A través de la bellísima narración, de los personajes y de las situaciones, contemplamos a dos niños refugiándose cada vez más en su pequeño mundo privado, en un intento de protegerse frente a los adultos, de quienes sólo pueden esperar indiferencia, mezquindad o maldad, pero jamás un poco de ayuda. Desgraciadamente, el mundo que les rodea no se encuentra en un momento generoso o simplemente seguro, sino en una de sus ocasiones más ruines y crueles, de modo que les irá despojando cada vez de más cosas y consumiéndoles lenta, dolorosamente, hasta un desenlace no por esperado menos demoledor.

Basada en la novela homónima de Akiguki Nosaka, «La tumba de las luciérnagas» ya había coqueteado con la idea de la adaptación cinematográfica, aunque ni al autor, ni al director de la cinta, Isao Takahata les seducía el tratamiento en imagen real. Según el director, sería casi imposible encontrar a niños actores que tuvieran la calidad actoral que exigiría la cinta, que se identificaran con los personajes teniendo tan corta edad, por no mencionar que las escenas de bombardeos, ciudades y pueblos arrasados, serían muy costosas. Decidieron entonces usar el medio animado pese a que sería la primera vez que Takahata utilizaba esa forma de expresión. Más tarde, el propio Nosaka admitiría que, a la vista del resultado, no podía pensar en otro medio de plasmar su historia que no fuese la animación. A pesar de ello, «La tumba de las luciérnagas» ha visto ya dos remakes a imagen real, si bien ninguno ha alcanzado la fama de su predecesora.
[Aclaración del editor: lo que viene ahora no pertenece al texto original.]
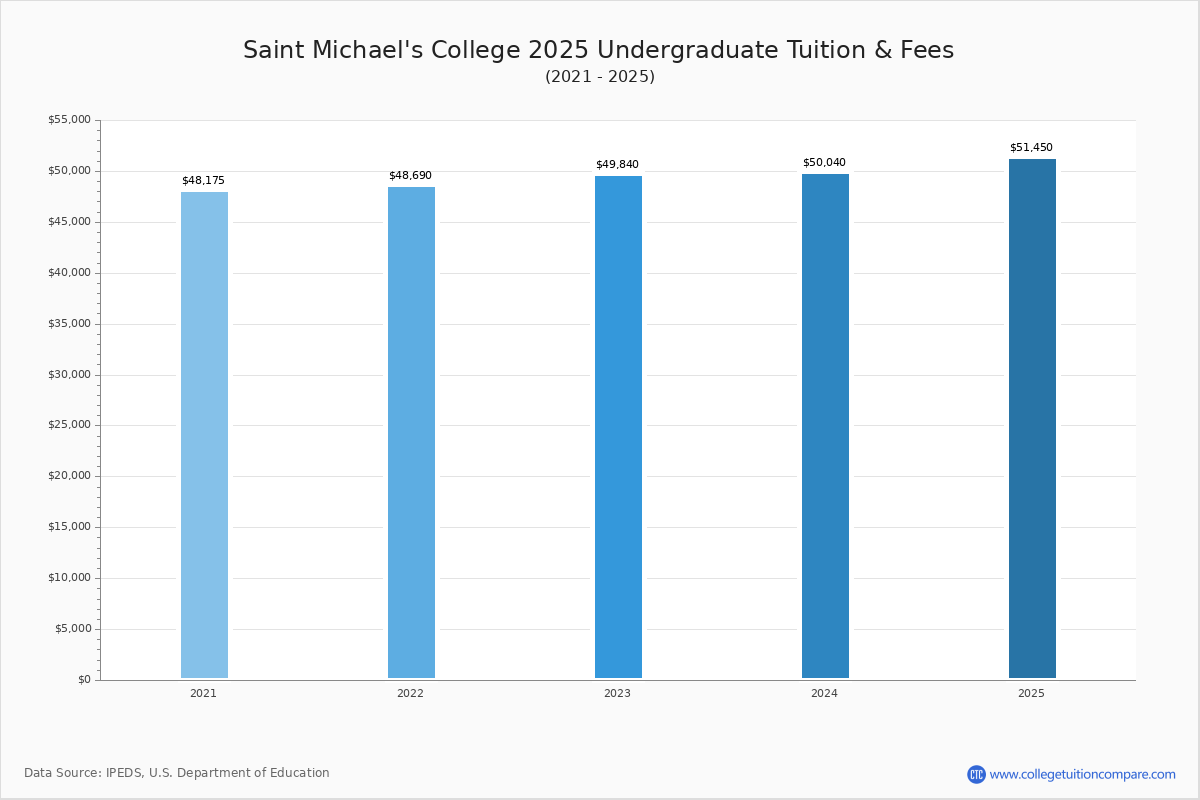 Saint Michael's College Tuition & Fees, Net Price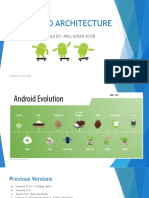 Android Architecture: Compiled BY: Miss KIRAN AYUB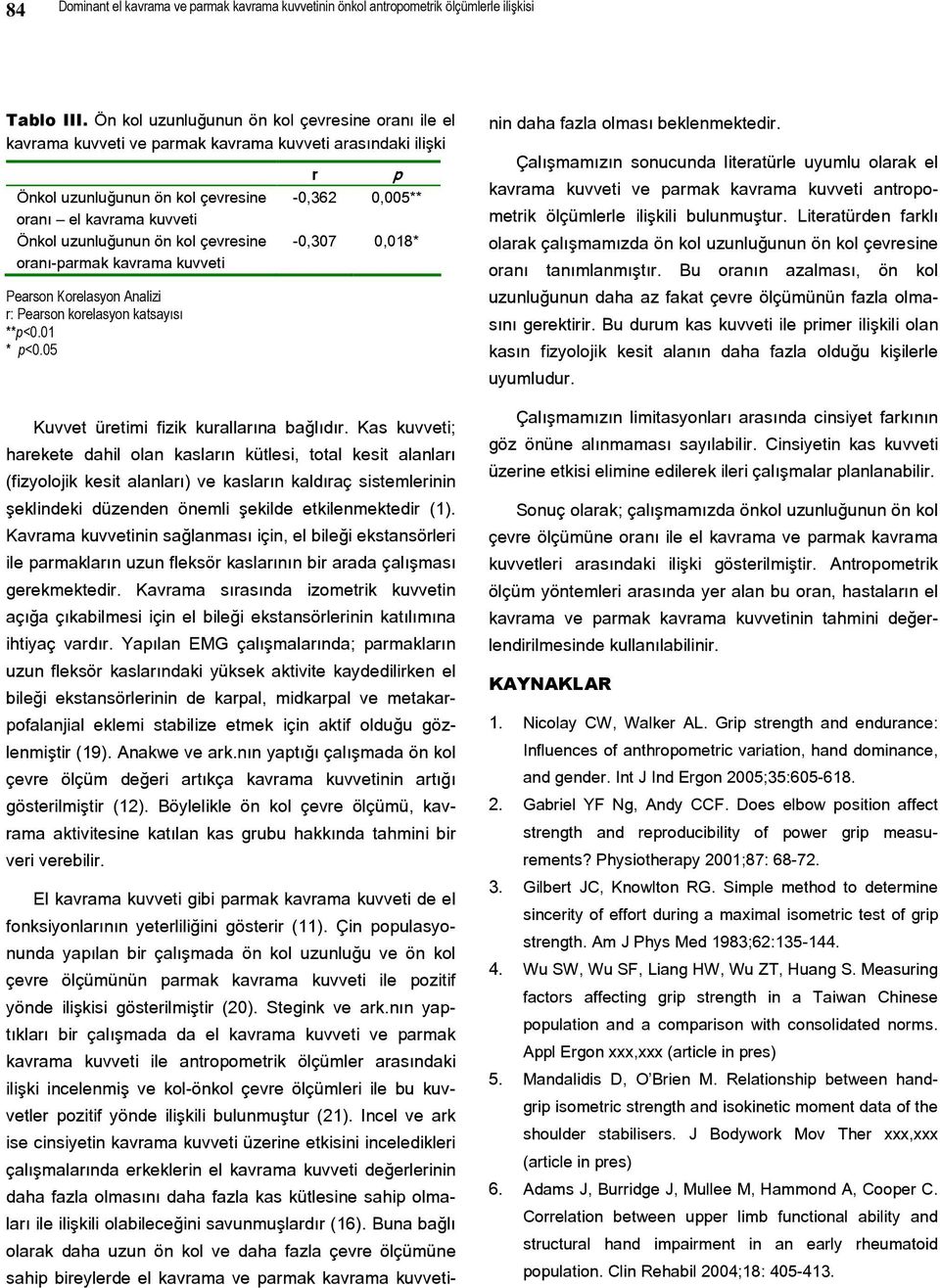 çevresine oranı-parmak kavrama kuvveti Pearson Korelasyon Analizi r: Pearson korelasyon katsayısı **p<0.01 * p<0.05 r p -0,362 0,005** -0,307 0,018* Kuvvet üretimi fizik kurallarına bağlıdır.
Estrenada -con moderado éxito- en Japón en 1988, no llegó a occidente hasta más de un lustro largo más tarde, en el Festival de Cine de Chicago de 1994. El motivo de este retraso no fue otro que el prejuicio: en aquel entonces, en el mercado occidental se consideraba que los dibujos animados eran un medio destinado únicamente al público infantil. Se temía que una cinta tan adulta y dura no encontrase eco entre los espectadores. Sin embargo, la crítica se enamoró de ella y arrancó tantas lágrimas como aplausos. Los críticos la equipararon a cintas como «La lista de Schindler», aseguraron que era la película más profundamente humana y antibelicista que jamás se había realizado (lo es), y empezó a conquistar premio, entre ellos el de Mejor Película del Festival de Chicago y el Premio especial de los Derechos del Niño, entre otros. «La tumba de las luciérnagas» se convirtió pronto en una cinta de culto. Era habitual que los cines la exhibieran en sesión doble junto a «Mi vecino Totoro», a fin de mostrar lo que se llamaba «la cara y la cruz de la animación»: por un lado, una película adulta, cruda, desoladora; por otro una cinta infantil marcadamente alegre, cargada de magia y amabilidad. De hecho, en Japón se estrenó de esta manera, pero mientras que «Mi vecino Totoro» tuvo una grandísima aceptación y llegó a convertirse en la icónica mascota de la productora Ghibli como la silueta de Elliot y ET sobre la luna es la de Amblin Entertainment, «La tumba de las luciérnagas» no gustó tanto al público japonés precisamente por lo depresivo de su argumento y no fue hasta su masiva aceptación occidental que gozó del prestigio que se merece.


Hoy día, «La tumba de las luciérnagas» es una película admirada, una joya de la animación que es preciso ver al menos una vez y no más de una vez. Una película que hace llorar y pensar, ser conscientes del dolor de unos niños en un mundo que les falló, al que sólo pedían crecer en paz, y que no les dio ni eso. Que nos enseña que debemos gozar de lo bueno que podamos encontrar, disfrutar de los buenos momentos tanto como podamos antes de hacernos la misma estéril pregunta que se hace la pequeña Setsuko: «¿por qué las luciérnagas se mueren tan deprisa?»